What is the Sacred Liturgy, according to the Second Vatican Council? 

The sacred liturgy, especially the divine sacrifice of the Eucharist, is where “the work of our redemption is accomplished.” (SC 2)

The sacred liturgy is the action whereby Jesus Christ the High Priest performs “full public worship,” in his Mystical Body, that is, “the Head and his members.” (SC 7)

The sacred liturgy is a “foretaste of that heavenly liturgy,” which is celebrated in heaven, where Christ sits at the right hand of God with all the heavenly army.” (SC 8)

Mass is inseparably the following things: the sacrifice of the cross, a memorial of the Paschal Mystery, a sacred banquet of the Lord’s Body and Blood, and the foreshadowed and anticipated eschatological banquet “when he comes.” (Eucharisticum Mysterium, EM 3a, a few years after SC).

What is active participation, according to the Second Vatican Council?

Participation in the Lord’s Supper is always communion with Christ offering himself for us as a sacrifice to the Father. (EM 3b: *quoting Mediator Dei)

“In liturgical celebrations each person, minister, or layman who has an office to perform, should carry out all and only those parts which pertain to his office by the nature of the rite and the norms of the liturgy.” (SC 28)

The Nature of Active Participation in the Mass: The priest alone, in persona Christi, consecrates the bread and wine, but the role of the faithful is the Eucharist is to recall the passion, resurrection, and glorification of the Lord, to give thanks to God, and to offer the immaculate victim not only through the hands of the priest, but also together with him; and finally, by receiving the Body of the Lord, to perfect that communion with God and among themselves which should be the product of participation in the sacrifice of the Mass.” (EM 12)

“(The faithful) should give thanks to God.

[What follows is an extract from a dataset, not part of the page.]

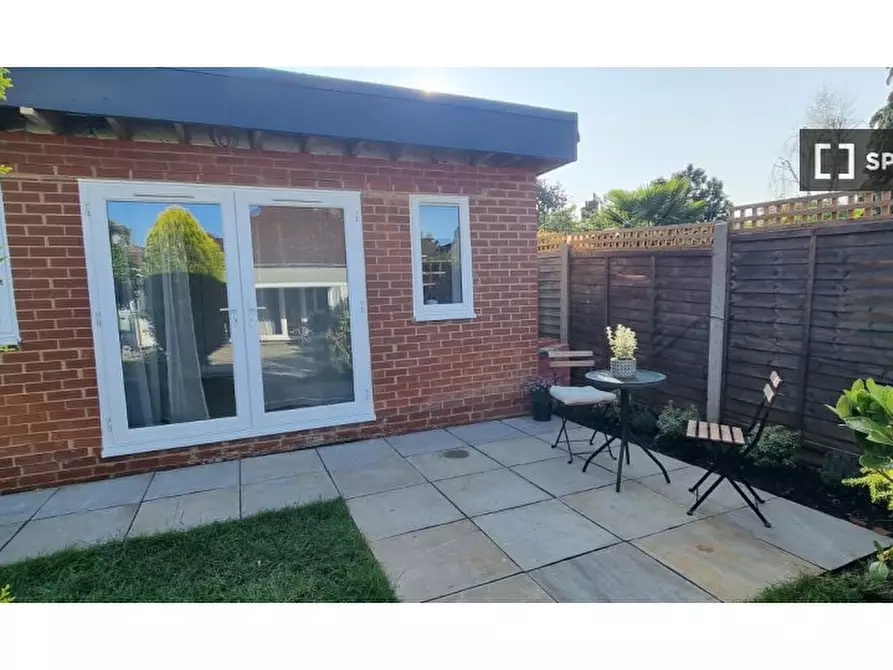 Immagine 12 di Ufficio in affitto  in Eastdean Ave a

Offering the immaculate victim not only through the hands of the priest but also together with him, they should learn to offer themselves.” (SC 48)

“The faithful participate more fully in this sacrament of thanksgiving, propitiation, petition and praise, not only when they whole-heartedly offer the sacred victim, and in it themselves, to the Father with the priest, but also when they receive this same victim sacramentally.” (EM 3e)

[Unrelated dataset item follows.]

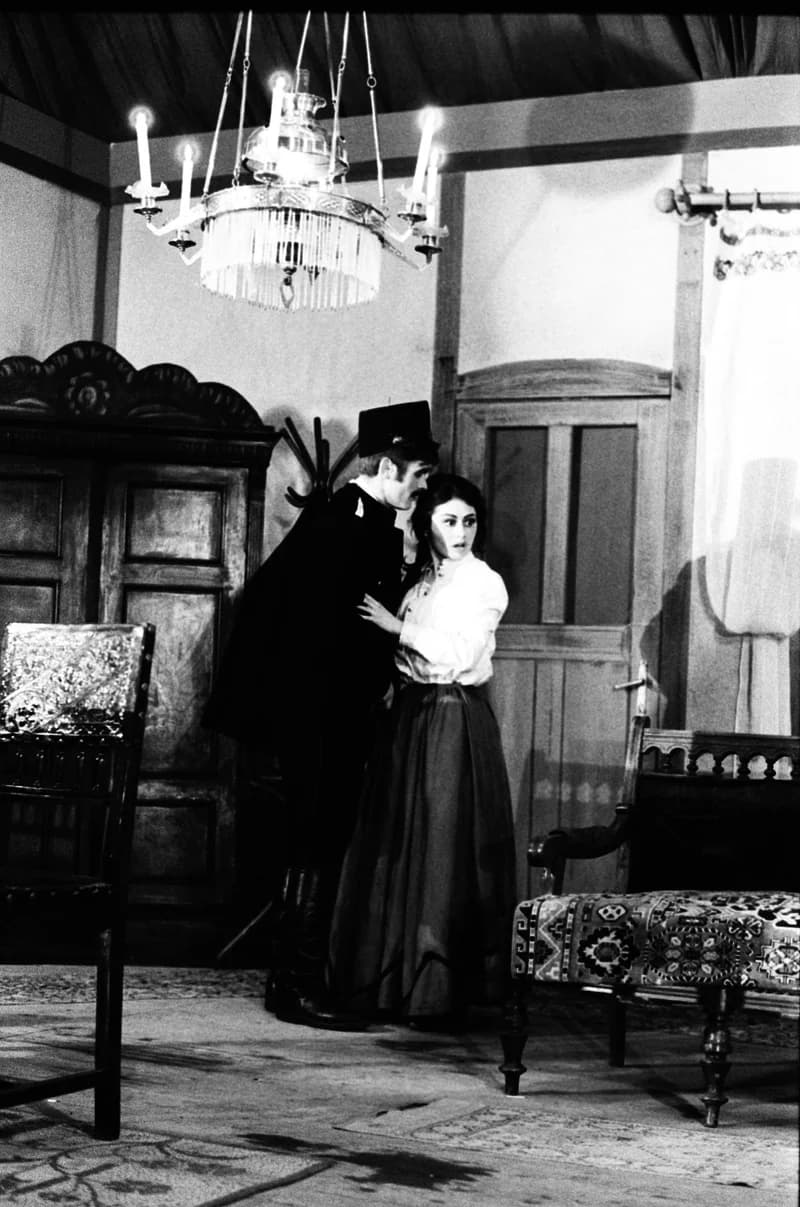 Review of Romanian amateur actors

To produce its “full effects,” the faithful must come with “proper dispositions,” with “minds attuned to their voices,” understanding what they are doing, to be “actively engaged in the rite and enriched by it.” (SC 11)

“The Church, the spouse and minister of Christ, performs together with him the role of priest and victim,” offering Him and herself in union with Him. (EM 3c)

This sacrifice “has no effect (in the faithful) except in those united to the passion of Christ by faith and charity;” the benefit {not the sacramental validity, etc) for the faithful is “in proportion to their devotion.” (EM 12)

The community, in its unity, is arrange in hierarchical order. Therefore, “each person, performing his role as a minister or as one of the faithful, should do all that the nature of the action and the liturgical norms require of him, and only that.” (EM 16)

Concretely speaking, What did the Second Vatican Council say about sacred art and other externals used in the liturgy?

“In liturgical celebrations each person, minister, or layman who has an office to perform, should carry out all and only those parts which pertain to his office by the nature of the rite and the norms of the liturgy.” (SC 28)

In Catholic institutions and schools, “great importance is to be attached” to the teaching and practice of the “treasury of sacred music.” (SC 115)

Sacred Music forms a “necessary and integral part of the solemn liturgy,” and is a “treasure of inestimable value,” greater than any other art.” (SC 112)

The purpose of sacred music, like that of the divine liturgy itself, is “the glory of God and the sanctification of the faithful.” (SC 112b)

 “Care must be taken to ensure that the faithful may also be able to say or sing together in Latin those parts of the Ordinary of the Mass which pertain to them.” (SC 54)

All things set apart for divine worship should be worthy, becoming, and beautiful, signs and symbols of things supernatural. (SC 122)

In the sacred arts, e.g., sacred art, vestments, and ornaments, etc., “noble beauty” is to be sought. (SC 124)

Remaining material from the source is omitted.